Traduction de Charles Durosoir,
Paris, Librairie Garnier (1865)


Pline l'Ancien - Histoire naturelle, V, 4

Au fond du golfe, sur la côte, furent jadis les Lotophages, appelés quelques-uns Alachroens, jusqu'aux autels des Philènes ; ces autels sont en sable.

Traduction d'Emile Littré,
collection des auteurs latins sous la direction de Nisard, Paris, Firmin-Didot (1855)


Valère-Maxime - Des faits et des paroles mémorables, V, 6<</h2>

4. Carthage et Cyrène se faisaient une guerre opiniâtre pour leurs limites respectives. On convint enfin de faire partir des jeunes gens de chaque côté, à la même heure, et de regarder comme la frontière commune aux deux peuples l'endroit où ils se rencontreraient. Mais, du côté des Carthaginois, deux frères, nommés Philènes, violèrent la convention : devançant l'heure désignée et précipitant leur marche, ils gagnèrent pour leur patrie une grande étendue de territoire. La fraude n'échappa point aux Cyrénéens, qui s'en plaignirent, contestèrent longtemps, et enfin tentèrent de déjouer l'injustice par l'offre d'une condition terrible. Ils déclarèrent qu'ils étaient prêts à reconnaître cet endroit pour limite, si les Philènes s'y laissaient enterrer vivants. Mais l'événement ne répondit pas à leur attente : les deux frères se remirent, sans hésiter, entre leurs mains, pour être enfouis sous terre. Plus jaloux de reculer les bornes de leur patrie que celles de leurs jours, ils ont conquis une glorieuse sépulture, où leurs mânes et leurs ossements servirent à marquer l'agrandissement de l'empire carthaginois. Où sont les hautes murailles de l'orgueilleuse Carthage ? Qu'est devenue la gloire maritime de ce port si fameux ? Où est cette flotte qui portait la terreur sur tous les rivages ? Où, tant d'armées ? Où, cette cavalerie formidable ? Où, cette ambition qui étouffait dans l'immense étendue de l'Afrique ? La fortune a partagé tout cela entre les deux Scipions ; mais le souvenir des Philènes et de leur noble dévouement a survécu à la ruine même de leur patrie. L'âme et le bras des mortels ne peuvent donc prétendre, si ce n'est par la vertu, à rien d'immortel.

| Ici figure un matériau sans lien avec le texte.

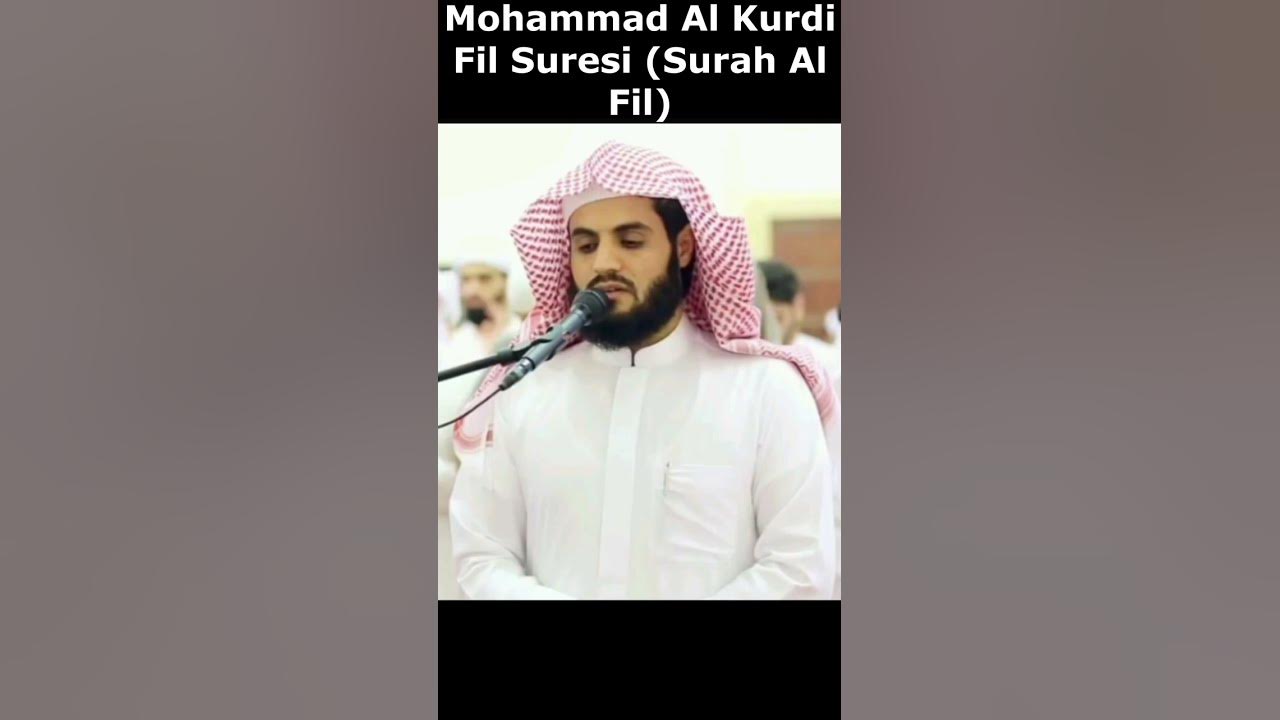 Mohammad Al Kurdi Fil Suresi (Surah Al Fil)#shorts Mohammad Al Kurdi Fil Suresi (Surah Al Fil)#shorts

Traduction de T. Baudement,
édition de Cornelius Nepos, Valère-Maxime et alii,
collection des auteurs latins sous la direction de Nisard, Paris, Dubochet et cie (1841)


Commentaire de Dureau de la Malle, Carthage, Paris, Firmin-Didot (1844), p.3

L'Art de vérifier les dates place l'histoire des Philènes en l'an 460 avant Jésus-Christ, sans s'appuyer sur aucune autorité. Comme le premier traité de Rome avec Carthage est de 509, et qu'il peut être rangé au nombre des faits les mieux avérés, nous avons cru devoir reporter à une époque antérieure cette légende du dévouement des frères Philènes qui, de même que le combat des Horaces et des Curiaces, semble appartenir à l'histoire fabuleuse plutôt qu'à l'histoire positive.